To do: Only these lines of the data below are wanted: the one with "this 640×480 image.", the one with "this 700×466 image.", and any lines between them, each repeated exactly.

Stored data entries
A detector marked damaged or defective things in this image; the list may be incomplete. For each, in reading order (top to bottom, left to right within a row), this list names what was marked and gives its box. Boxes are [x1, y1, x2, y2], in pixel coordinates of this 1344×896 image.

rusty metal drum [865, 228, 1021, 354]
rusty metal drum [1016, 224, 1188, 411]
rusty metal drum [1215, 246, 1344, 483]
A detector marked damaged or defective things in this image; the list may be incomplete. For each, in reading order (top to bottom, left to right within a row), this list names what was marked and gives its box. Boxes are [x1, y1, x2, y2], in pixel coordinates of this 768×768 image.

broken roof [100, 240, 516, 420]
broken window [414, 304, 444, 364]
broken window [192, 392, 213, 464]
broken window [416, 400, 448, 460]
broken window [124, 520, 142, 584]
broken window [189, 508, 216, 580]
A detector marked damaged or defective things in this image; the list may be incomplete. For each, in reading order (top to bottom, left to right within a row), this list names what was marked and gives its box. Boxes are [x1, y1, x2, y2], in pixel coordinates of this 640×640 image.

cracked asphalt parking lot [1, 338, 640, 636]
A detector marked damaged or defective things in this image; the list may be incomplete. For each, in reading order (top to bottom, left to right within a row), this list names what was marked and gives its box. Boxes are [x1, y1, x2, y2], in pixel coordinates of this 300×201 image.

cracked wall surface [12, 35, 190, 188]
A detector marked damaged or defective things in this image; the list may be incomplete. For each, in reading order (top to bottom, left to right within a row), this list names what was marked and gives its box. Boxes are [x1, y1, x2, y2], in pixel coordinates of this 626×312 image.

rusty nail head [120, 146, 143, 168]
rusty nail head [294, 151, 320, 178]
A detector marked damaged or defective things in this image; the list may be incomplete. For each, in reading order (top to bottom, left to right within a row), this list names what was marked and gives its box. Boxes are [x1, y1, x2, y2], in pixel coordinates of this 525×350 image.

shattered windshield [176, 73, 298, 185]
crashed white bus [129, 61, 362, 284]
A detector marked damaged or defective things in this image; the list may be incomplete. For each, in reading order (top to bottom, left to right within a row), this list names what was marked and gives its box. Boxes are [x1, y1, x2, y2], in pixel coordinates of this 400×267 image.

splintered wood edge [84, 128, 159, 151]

---

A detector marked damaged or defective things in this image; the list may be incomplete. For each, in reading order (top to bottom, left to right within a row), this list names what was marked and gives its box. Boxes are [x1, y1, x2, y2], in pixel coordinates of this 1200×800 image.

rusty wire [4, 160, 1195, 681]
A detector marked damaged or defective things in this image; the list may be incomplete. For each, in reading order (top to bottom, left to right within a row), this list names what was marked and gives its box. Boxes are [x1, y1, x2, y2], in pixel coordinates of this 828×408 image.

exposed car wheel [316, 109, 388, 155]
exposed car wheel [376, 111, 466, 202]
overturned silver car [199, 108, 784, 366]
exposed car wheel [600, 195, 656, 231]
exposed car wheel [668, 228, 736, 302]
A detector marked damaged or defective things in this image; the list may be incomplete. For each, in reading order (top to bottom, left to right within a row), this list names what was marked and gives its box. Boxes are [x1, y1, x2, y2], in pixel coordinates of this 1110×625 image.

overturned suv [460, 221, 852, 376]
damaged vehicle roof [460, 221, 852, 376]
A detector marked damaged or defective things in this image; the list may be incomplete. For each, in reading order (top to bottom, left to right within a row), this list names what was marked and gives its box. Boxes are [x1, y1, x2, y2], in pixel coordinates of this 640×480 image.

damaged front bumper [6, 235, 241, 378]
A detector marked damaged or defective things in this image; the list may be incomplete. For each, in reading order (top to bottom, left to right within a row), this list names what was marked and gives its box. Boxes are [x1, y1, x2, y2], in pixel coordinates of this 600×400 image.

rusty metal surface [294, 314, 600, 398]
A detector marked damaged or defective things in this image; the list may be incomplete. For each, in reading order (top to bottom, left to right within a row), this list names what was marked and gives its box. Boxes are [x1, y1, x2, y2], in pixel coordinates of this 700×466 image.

Result of the task:
A detector marked damaged or defective things in this image; the list may be incomplete. For each, in reading order (top to bottom, left to right within a row), this list names what was marked and gives its box. Boxes are [x1, y1, x2, y2], in pixel coordinates of this 640×480 image.

damaged front bumper [6, 235, 241, 378]
A detector marked damaged or defective things in this image; the list may be incomplete. For each, in reading order (top to bottom, left to right within a row), this list names what was marked and gives its box. Boxes are [x1, y1, x2, y2], in pixel coordinates of this 600×400 image.

rusty metal surface [294, 314, 600, 398]
A detector marked damaged or defective things in this image; the list may be incomplete. For each, in reading order (top to bottom, left to right within a row), this list names what was marked and gives its box. Boxes are [x1, y1, x2, y2], in pixel coordinates of this 700×466 image.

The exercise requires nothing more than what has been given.